Work order => From the line with "UW101-544c Homo naledi URDI1 lingual" to the line with "درمان جای جوش در صفادشت", retype every line exactly, including those two, and leave out the rest of the data below.

Data shown =>
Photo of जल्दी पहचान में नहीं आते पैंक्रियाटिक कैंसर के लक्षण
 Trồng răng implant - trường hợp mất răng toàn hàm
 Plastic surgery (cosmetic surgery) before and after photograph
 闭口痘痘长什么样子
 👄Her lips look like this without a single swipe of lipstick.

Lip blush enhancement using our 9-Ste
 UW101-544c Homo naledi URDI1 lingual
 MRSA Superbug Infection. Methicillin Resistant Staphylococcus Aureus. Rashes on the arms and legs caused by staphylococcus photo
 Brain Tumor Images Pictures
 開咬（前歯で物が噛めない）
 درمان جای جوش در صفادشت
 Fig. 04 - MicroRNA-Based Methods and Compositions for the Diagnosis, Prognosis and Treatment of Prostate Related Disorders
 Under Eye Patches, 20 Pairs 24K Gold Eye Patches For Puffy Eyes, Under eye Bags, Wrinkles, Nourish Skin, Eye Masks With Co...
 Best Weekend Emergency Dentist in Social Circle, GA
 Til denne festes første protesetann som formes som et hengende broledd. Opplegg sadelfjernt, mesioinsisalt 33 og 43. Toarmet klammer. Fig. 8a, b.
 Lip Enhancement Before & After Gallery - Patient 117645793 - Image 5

Solution below =>
 UW101-544c Homo naledi URDI1 lingual
 MRSA Superbug Infection. Methicillin Resistant Staphylococcus Aureus. Rashes on the arms and legs caused by staphylococcus photo
 Brain Tumor Images Pictures
 開咬（前歯で物が噛めない）
 درمان جای جوش در صفادشت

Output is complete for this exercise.